### DIRECTIONS FOR THIS TASK
For every line in the records below that holds "Chevrolet", make a copy.

### SOURCE DATA
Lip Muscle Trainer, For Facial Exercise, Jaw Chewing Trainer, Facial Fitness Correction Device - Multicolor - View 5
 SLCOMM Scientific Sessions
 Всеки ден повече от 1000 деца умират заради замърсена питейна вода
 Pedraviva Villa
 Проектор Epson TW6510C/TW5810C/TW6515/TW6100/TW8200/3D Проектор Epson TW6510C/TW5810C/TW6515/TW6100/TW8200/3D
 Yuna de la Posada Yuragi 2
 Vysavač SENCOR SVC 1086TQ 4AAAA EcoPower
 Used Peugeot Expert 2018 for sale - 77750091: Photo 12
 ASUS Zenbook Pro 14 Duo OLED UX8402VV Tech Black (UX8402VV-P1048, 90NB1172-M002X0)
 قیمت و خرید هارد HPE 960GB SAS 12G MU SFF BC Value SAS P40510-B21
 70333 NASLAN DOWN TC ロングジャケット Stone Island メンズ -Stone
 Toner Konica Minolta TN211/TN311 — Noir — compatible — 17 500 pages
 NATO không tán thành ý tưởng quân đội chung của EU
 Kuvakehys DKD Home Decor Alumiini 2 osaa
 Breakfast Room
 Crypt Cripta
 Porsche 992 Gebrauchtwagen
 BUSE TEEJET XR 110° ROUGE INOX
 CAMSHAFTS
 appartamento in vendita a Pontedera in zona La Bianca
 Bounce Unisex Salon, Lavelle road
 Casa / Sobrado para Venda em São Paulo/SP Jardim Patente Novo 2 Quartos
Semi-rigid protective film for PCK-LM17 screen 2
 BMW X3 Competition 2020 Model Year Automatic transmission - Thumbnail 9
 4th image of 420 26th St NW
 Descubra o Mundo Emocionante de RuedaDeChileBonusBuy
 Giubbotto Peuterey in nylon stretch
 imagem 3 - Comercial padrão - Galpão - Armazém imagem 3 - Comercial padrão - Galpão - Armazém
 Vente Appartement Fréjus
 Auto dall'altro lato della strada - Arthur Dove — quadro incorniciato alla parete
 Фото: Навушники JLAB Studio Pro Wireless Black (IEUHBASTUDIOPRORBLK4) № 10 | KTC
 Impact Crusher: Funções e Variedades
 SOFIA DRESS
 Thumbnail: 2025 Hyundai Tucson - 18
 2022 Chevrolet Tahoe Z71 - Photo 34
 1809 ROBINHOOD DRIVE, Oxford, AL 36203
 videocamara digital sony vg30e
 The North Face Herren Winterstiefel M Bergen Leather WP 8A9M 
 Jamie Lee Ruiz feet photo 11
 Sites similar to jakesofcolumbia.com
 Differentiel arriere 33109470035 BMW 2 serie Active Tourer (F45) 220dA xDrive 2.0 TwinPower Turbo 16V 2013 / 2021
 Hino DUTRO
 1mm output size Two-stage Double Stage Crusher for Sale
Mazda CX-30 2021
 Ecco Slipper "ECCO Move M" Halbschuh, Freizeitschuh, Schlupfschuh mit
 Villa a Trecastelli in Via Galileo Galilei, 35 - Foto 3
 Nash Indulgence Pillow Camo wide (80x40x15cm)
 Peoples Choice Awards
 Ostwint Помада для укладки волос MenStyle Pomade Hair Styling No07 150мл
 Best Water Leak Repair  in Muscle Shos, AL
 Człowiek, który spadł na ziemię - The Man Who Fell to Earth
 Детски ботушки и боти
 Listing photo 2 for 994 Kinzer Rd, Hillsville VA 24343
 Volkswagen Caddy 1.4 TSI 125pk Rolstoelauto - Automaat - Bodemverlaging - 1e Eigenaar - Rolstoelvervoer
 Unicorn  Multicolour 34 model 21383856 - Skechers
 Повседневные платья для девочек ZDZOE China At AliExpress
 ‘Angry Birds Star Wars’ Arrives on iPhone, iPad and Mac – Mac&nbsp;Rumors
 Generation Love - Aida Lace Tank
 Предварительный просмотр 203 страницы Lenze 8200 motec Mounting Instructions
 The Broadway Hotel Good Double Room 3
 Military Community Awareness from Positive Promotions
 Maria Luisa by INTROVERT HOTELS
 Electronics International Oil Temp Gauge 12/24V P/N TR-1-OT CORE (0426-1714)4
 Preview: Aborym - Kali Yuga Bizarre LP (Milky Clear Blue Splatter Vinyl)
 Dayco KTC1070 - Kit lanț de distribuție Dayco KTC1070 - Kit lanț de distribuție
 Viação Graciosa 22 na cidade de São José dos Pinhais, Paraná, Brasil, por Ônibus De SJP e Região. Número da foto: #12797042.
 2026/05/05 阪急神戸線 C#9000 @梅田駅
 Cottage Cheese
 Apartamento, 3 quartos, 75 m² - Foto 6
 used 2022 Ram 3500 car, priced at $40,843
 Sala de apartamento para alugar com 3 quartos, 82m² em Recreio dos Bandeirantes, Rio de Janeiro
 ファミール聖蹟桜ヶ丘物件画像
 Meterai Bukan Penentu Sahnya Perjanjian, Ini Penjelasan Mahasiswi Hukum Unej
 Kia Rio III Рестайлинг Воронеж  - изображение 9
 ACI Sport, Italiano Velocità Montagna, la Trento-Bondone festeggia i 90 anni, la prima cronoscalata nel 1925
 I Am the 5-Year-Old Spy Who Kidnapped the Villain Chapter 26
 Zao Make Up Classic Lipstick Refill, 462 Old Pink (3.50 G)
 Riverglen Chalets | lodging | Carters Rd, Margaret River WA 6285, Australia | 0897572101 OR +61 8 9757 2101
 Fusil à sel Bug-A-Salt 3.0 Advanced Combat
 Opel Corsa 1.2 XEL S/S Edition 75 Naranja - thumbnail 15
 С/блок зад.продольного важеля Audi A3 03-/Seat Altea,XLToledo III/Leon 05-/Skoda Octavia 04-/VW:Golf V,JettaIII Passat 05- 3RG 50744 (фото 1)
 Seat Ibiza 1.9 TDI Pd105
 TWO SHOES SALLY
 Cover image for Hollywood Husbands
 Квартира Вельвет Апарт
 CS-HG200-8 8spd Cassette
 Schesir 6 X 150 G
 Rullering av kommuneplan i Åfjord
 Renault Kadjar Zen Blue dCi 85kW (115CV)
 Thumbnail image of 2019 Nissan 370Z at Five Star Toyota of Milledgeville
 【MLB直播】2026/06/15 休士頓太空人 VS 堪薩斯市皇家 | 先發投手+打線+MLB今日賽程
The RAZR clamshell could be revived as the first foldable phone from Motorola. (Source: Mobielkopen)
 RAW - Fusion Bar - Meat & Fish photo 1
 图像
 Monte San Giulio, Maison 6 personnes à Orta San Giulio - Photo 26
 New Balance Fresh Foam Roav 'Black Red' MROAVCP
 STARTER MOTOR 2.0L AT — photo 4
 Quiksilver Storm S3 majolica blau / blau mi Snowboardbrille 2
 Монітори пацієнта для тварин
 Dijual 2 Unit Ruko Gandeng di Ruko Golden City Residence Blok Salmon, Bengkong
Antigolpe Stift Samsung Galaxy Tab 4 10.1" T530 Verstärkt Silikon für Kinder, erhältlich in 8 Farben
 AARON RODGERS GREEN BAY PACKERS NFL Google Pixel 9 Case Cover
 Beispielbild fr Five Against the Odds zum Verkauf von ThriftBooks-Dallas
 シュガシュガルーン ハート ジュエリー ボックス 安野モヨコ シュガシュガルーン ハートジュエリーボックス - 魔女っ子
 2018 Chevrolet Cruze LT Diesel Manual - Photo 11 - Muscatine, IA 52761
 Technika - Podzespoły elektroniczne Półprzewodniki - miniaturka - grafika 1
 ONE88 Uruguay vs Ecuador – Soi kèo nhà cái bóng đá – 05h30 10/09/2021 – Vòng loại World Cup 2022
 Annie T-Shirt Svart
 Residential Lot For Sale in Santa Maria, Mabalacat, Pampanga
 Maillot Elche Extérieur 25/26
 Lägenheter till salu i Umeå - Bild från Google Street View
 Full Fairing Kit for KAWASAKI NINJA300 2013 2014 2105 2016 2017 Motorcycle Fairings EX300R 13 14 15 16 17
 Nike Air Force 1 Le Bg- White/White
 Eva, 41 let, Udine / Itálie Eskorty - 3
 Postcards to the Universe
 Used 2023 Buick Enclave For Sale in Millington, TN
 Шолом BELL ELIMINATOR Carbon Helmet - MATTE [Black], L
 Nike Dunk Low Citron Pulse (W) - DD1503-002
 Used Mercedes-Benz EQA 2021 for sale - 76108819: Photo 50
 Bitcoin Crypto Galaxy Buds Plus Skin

### SOLUTION FOR THIS TASK
 2022 Chevrolet Tahoe Z71 - Photo 34
 2018 Chevrolet Cruze LT Diesel Manual - Photo 11 - Muscatine, IA 52761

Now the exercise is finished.